Why Context, Not Compute, is the Key to AI Governance
Kevin Frazier, Andrew W. Reddie / Aug 5, 2025
Is This Even Real II by Elise Racine / Better Images of AI / CC by 4.0
Following the demise of the proposed 10-year moratorium on state AI regulation last month, and likely acceleration in AI development and deployment encouraged by the AI Action Plan’s calls for increased investment in the space, the future of AI regulation is seemingly more open and consequential than ever. Hundreds of AI-related proposals are currently under consideration by state legislatures. However, the sheer number of bills masks the diversity of regulatory approaches. A common framework undergirds many of the most comprehensive and influential AI laws and proposals—the RAISE Act in New York, SB 53 in California, and the European Union’s AI Act treat compute as a proxy for AI risks.
This is a flawed approach for several reasons. Small models deployed in sensitive contexts can cause harm comparable to, or greater than large, general-purpose models. Additionally, emphasizing compute may lock states into a regulatory paradigm that is less responsive to technical advances, such as increased reliance on algorithmic efficiency over compute.
AI regulation would instead be more effectively oriented around the context of an AI system’s proposed use. One way of determining whether a use case presents a significant risk of harm is not by computation but rather by a model’s training data (the raw material that undergirds a model’s output). The latter can offer a more accurate and flexible factor in assessing the need for safeguards, if any. A shift toward “context-based” governance—grounded in “data-centric AI governance” that scrutinizes the suitability and characteristics of a model’s training and fine-tuning data for its intended use—carries the potential to more effectively mitigate harm, while supporting innovation.

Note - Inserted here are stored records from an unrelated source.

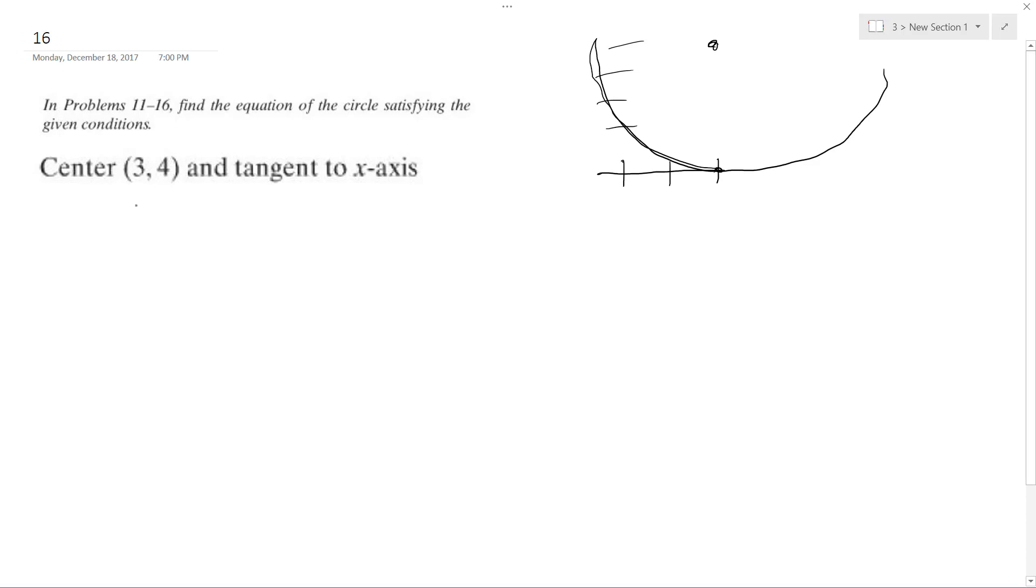So it's going to go through, it's tangent to 3, 0. That's all I have to know once I have this. That's pretty straightforward, so I just know it's going to have a radius of 4.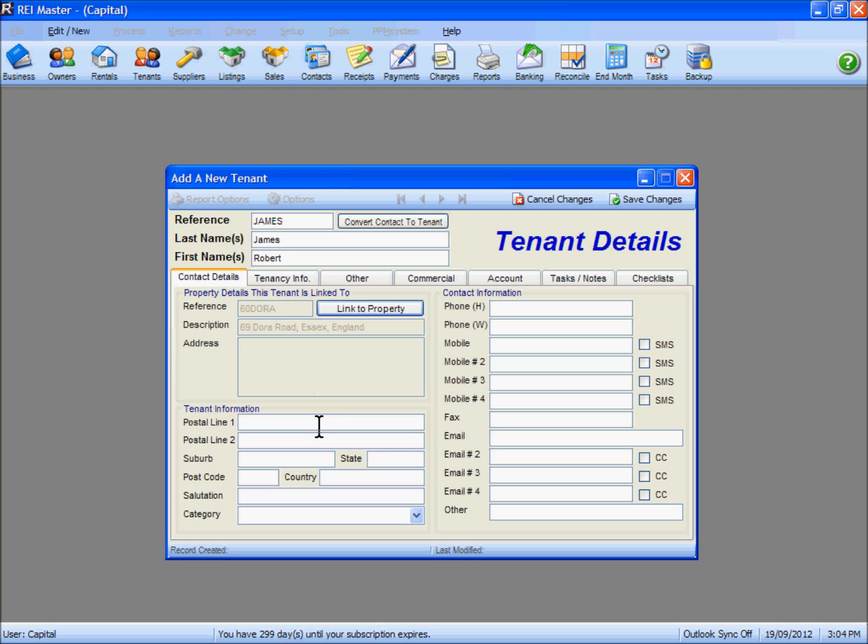Fill in the other contact information for your tenant, including phone numbers, mobile numbers, and email addresses.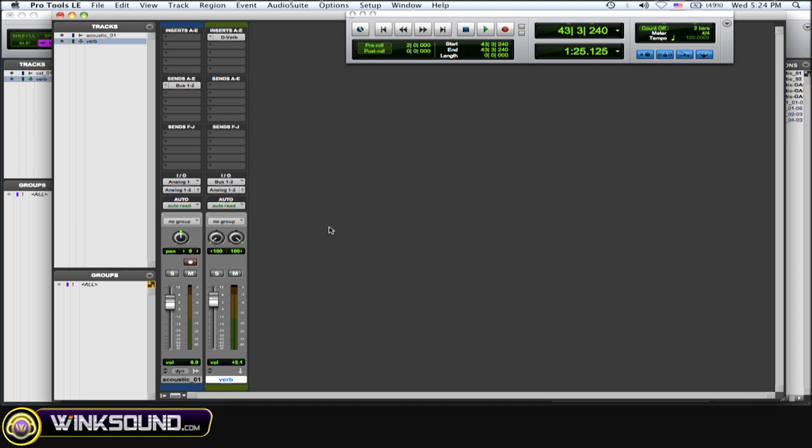So you solo safe the reverb. So in this way, when you solo your audio, the reverb stays with it so you know exactly how that track's going to sound.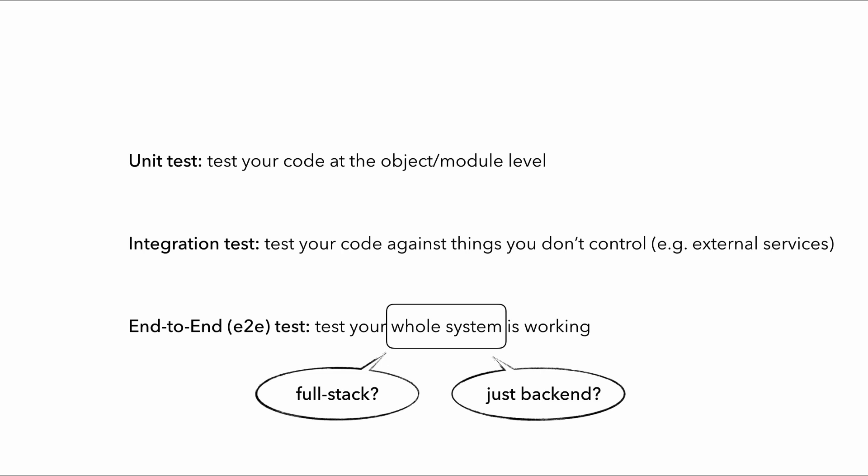But regardless, you should probably still have end-to-end tests that target just the backend. After all, not all backend systems are front-end facing APIs. There are internal APIs, data processing pipelines, and event-driven applications to name a few.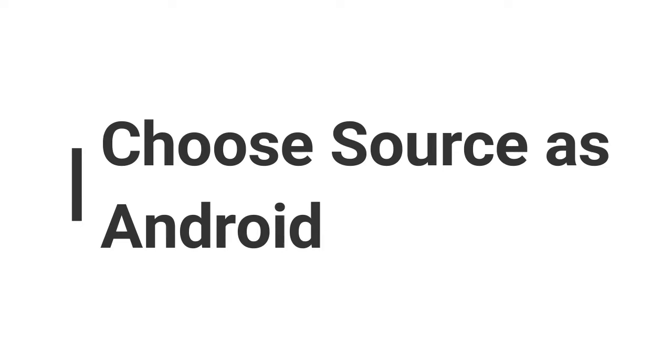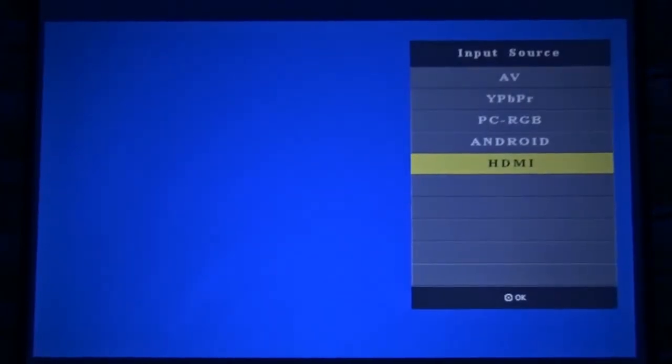First, you need to choose Source as Android and do that by pressing the S button on remote and choosing Android.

The centrality of context in AI regulation
Imagine two vehicles, a massive Ford F-150 and a compact Fiat. At first glance, their “characteristics” differ dramatically; one boasts immense size, weight, and horsepower, while the other emphasizes agility and fuel efficiency. A characteristics-based assessment might label the F-150 inherently more dangerous due to its raw power.
Yet, consider two different driving scenarios. In the first, F-150s are being driven cautiously, at 10 mph, through a narrow city street by attentive, experienced drivers. In the second, a fleet of Fiats is driven at 90 mph by inexperienced teenagers. Most would agree that despite the F-150’s greater physical capability, the second scenario clearly presents a far higher risk.
This scenario illustrates a key point often overlooked in technology policy debates: the actual risk, or utility, of a technology often stems not from its inherent properties, but from the “context” in which it is used and the human decisions that dictate its deployment.
This context-driven logic underpins effective regulation across diverse domains. Despite their mechanical disparities, both F-150 and Fiat owners must adhere to identical speed limits, traffic laws, and licensing standards. These regulations acknowledge that, irrespective of a vehicle’s internal specifications, its operation—the context of its use—is the primary determinant of its safety profile.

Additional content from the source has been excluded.